Выбрать главу

Я решил первый нарушить наше меланхолическое молчание.

— А как по-вашему, Акулина Ларионовна… красивый был Пушкин?

Старуха очнулась, и глаза ее снова засмеялись.

— Ну, какой красивый… никогда он не был красивый! — просто заметила она. — Так, здоровый был на вид, полный, а только такой обрюзгший… А как последний раз в Михайловское приезжал, что-то уж больно вдруг постарел, видно, несладко ему жилось в вашем Петербурге…

Мне, кстати, вспомнился мраморный бюст Пушкина, поставленный при входе в Святогорскую богадельню, и я осведомился у Акулины Ларионовны, была ли она в Святых Горах и видела ли бюст.

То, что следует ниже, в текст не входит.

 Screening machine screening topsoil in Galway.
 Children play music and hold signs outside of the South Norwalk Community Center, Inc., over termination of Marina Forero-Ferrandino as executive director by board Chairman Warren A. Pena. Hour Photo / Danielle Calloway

— Была, как не быть… А как вошла в богадельню, так и ахнула: живой смотрит на меня Александр Сергеевич, совсем живой… Я еще тут со старухами посмеялась — каким его хорошеньким вывели… много чего вдруг вспомнилось! Хотела я тогда же на могилку к нему сходить… да, признаться, поостереглась; думаю себе: влезть-то на гору я влезу, а назад-то, пожалуй, живой и не слезешь. Так и не пришлось поклониться барину дорогому! — заключила она со вздохом и почему-то вдруг всплакнула.

— Что с вами, Акулина Ларионовна? Никак вы плачете?..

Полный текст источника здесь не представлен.